Show that a developable surface has zero Gaussian curvature.

A developable surface is a ruled surface $x(s,t)=\alpha(s)+t\beta(s)$, where $\alpha(s)$ is a unit-speed curve and $|\beta(s)|=1$, such that the tangent planes along each ruling are parallel. Show that the Gaussian curvature of such surface is $K=0$.

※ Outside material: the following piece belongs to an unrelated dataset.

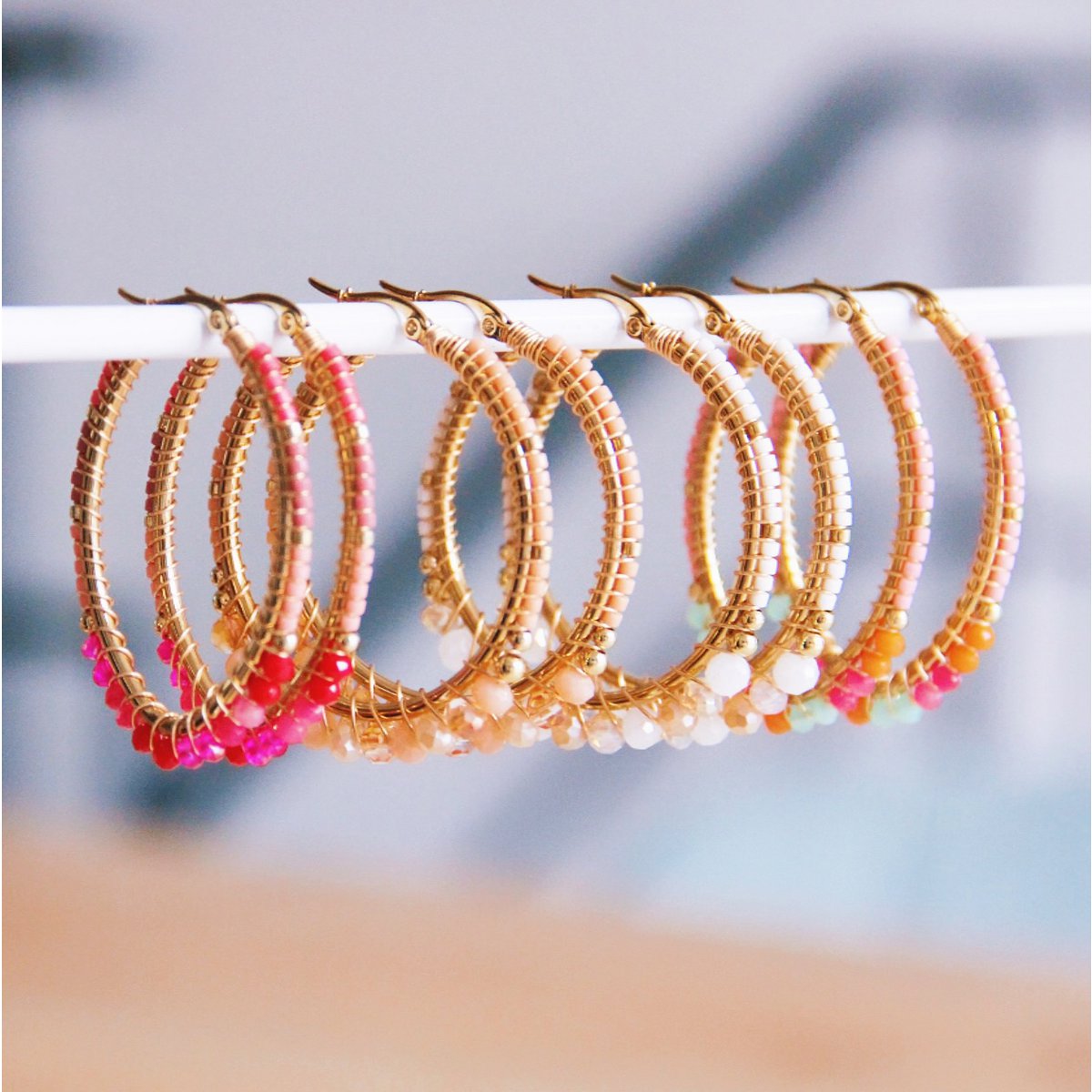 Round Hoop -oorbellen met facetten en Miyukis - Peach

I am trying to show this using the equations of $\kappa_1$ and $\kappa_2$ which are the eigenvalues of the matrix $L$, which is the Weingarten map matrix. In computing the coefficients of the second fundamental form $L_{ij}:=\langle x_{ij},n \rangle$ with $i,j\in \{s,t\}$, I only find that $L_{tt}=0$, and I don't see how the calculations will simplify.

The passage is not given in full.